Le gouvernement béninois a pris une décision radicale en s’attaquant directement au marché des produits dépigmentants. Depuis le 5 mai dernier, une série de crèmes, lotions et préparations destinées à éclaircir la peau sont formellement prohibées sur l’ensemble du territoire national. Cette mesure énergique cible une pratique fortement répandue, dont les répercussions sanitaires suscitent une préoccupation croissante parmi les autorités.
Un frein au phénomène du « tchatcho »
Au Bénin, l’usage des cosmétiques éclaircissants, habituellement désigné sous le terme « tchatcho », touche une fraction significative de la population, toutes catégories sociales confondues. Des étals du marché Dantokpa aux plateformes de vente en ligne sur les réseaux sociaux, ces articles étaient jusqu’alors aisément disponibles.
Avec cette nouvelle réglementation, les instances dirigeantes ambitionnent de mettre un terme à cette diffusion massive. Le ministère en charge de la Santé, en partenariat avec les organismes de régulation pharmaceutique, a dressé un inventaire des substances jugées nocives. Des inspections intensifiées sont désormais prévues, tant chez les grossistes que chez les détaillants.
L’objectif est sans équivoque : interrompre les réseaux d’approvisionnement d’un commerce très lucratif, mais souvent nourri par la contrebande et des mixtures artisanales dont la composition échappe à tout contrôle.
Des dangers sanitaires de plus en plus alarmants
Si l’État a opté pour une ligne dure, c’est en réponse aux nombreuses mises en garde émises depuis des années par les professionnels de santé. Les dermatologues, en particulier, ne cessent d’alerter sur les effets délétères de la dépigmentation artificielle.
Les produits visés contiennent régulièrement des composés potentiellement toxiques tels que l’hydroquinone, des corticoïdes puissants ou encore du mercure. Employés de façon récurrente, ces ingrédients peuvent engendrer un affaiblissement notable de la peau et provoquer des complications parfois irréversibles.
À court terme, les utilisateurs s’exposent à des brûlures, des vergetures profondes, un épiderme très fragile, des difficultés de cicatrisation ou encore des infections cutanées répétées.
Mais les répercussions ne se bornent pas à la surface cutanée.

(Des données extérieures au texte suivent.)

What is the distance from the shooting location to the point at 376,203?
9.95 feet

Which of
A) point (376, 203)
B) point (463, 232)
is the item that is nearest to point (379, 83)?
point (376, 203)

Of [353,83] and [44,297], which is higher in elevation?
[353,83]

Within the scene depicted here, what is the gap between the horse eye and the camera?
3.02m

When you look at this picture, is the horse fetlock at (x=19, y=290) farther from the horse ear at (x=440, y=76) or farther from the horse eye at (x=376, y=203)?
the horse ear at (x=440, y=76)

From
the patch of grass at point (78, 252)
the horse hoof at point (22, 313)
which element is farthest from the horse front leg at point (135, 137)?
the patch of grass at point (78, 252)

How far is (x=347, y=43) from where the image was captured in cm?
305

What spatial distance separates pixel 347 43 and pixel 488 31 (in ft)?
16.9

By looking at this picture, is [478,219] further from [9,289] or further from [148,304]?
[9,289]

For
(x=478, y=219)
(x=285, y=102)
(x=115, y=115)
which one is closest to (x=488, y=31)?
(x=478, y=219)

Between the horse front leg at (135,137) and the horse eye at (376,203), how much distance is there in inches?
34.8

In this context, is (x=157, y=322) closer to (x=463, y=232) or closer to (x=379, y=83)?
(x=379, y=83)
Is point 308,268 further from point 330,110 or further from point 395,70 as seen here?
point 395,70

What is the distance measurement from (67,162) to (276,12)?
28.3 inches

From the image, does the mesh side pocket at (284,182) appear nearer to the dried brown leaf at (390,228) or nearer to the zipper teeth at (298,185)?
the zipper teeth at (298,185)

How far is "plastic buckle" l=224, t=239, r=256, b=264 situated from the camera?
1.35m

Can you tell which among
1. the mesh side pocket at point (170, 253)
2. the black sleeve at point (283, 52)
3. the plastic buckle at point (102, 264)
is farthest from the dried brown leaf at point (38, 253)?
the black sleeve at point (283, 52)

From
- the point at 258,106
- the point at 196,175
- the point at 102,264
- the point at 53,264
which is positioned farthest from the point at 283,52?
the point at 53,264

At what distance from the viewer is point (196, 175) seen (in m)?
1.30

En pénétrant dans l’organisme, ces substances peuvent favoriser l’émergence de pathologies sérieuses telles que l’insuffisance rénale chronique, l’hypertension artérielle, certains troubles métaboliques ou encore accroître les risques de cancers de la peau.
Un défi qui va au-delà de la simple répression
Bien que cette interdiction soit accueillie favorablement par le milieu médical, sa mise en application s’annonce ardue. Les autorités devront composer avec la perméabilité des frontières, le trafic de produits illicites et l’ingéniosité des commerçants qui modifient fréquemment les conditionnements pour contourner les inspections.

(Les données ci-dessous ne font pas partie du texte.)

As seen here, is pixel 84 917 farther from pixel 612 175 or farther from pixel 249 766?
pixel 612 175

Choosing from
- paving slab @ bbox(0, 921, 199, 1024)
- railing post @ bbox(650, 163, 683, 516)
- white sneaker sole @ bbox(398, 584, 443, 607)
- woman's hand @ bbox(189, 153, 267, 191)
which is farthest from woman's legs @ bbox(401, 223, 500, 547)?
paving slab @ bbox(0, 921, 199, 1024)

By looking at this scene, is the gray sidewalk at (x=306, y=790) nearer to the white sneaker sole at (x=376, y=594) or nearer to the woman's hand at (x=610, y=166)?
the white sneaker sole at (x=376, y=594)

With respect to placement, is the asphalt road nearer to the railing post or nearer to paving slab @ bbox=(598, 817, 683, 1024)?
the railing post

Au-delà des sanctions, l’enjeu véritable est également culturel. L’attrait pour les teints clairs, nourri par certains canons esthétiques et des pressions sociales durables, continue d’alimenter la demande.
Pour obtenir des résultats pérennes, cette politique devra donc être assortie de vastes campagnes de sensibilisation visant à valoriser les couleurs de peau naturelles et à déconstruire les préjugés liés à la pigmentation.
En s’engageant dans cette lutte, le Bénin marque une avancée notable dans la sauvegarde de la santé publique. Reste à savoir si la détermination des pouvoirs publics et l’évolution des mentalités parviendront à endiguer durablement le phénomène du « tchatcho ».